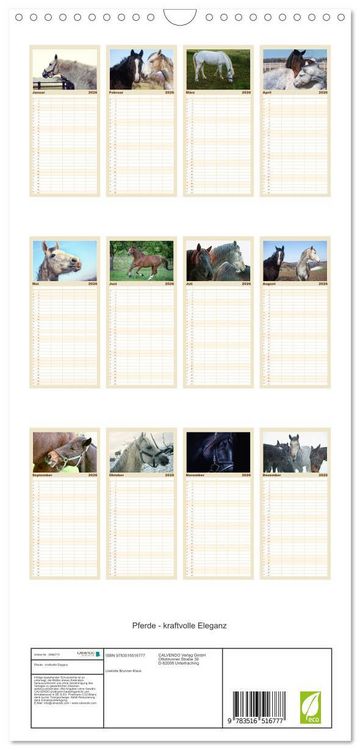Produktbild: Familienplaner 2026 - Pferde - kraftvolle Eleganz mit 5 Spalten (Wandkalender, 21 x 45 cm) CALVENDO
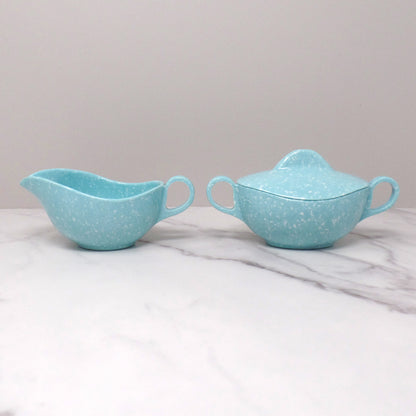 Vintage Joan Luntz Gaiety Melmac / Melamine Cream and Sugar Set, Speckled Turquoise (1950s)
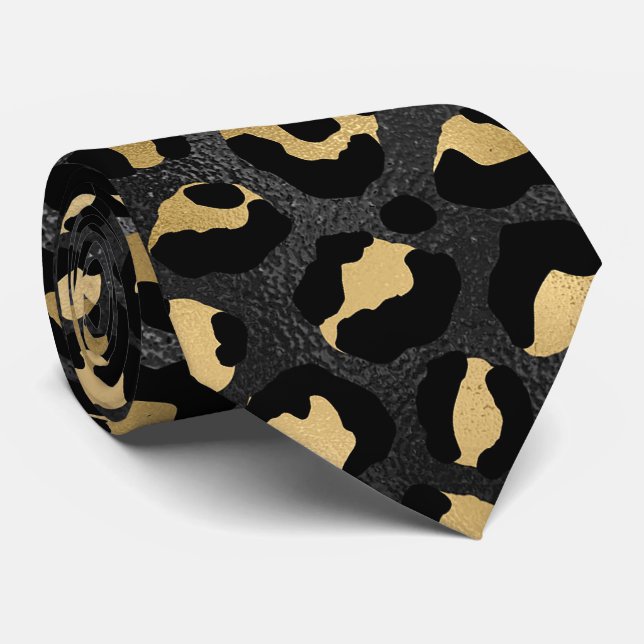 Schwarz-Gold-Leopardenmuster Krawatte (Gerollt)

### TASK TO CARRY OUT
Copy out all of the data word for word. Do not carry over any picture.

### FINAL ANSWER
Produktbild: Familienplaner 2026 - Pferde - kraftvolle Eleganz mit 5 Spalten (Wandkalender, 21 x 45 cm) CALVENDO
 Vintage Joan Luntz Gaiety Melmac / Melamine Cream and Sugar Set, Speckled Turquoise (1950s)
 Schwarz-Gold-Leopardenmuster Krawatte (Gerollt)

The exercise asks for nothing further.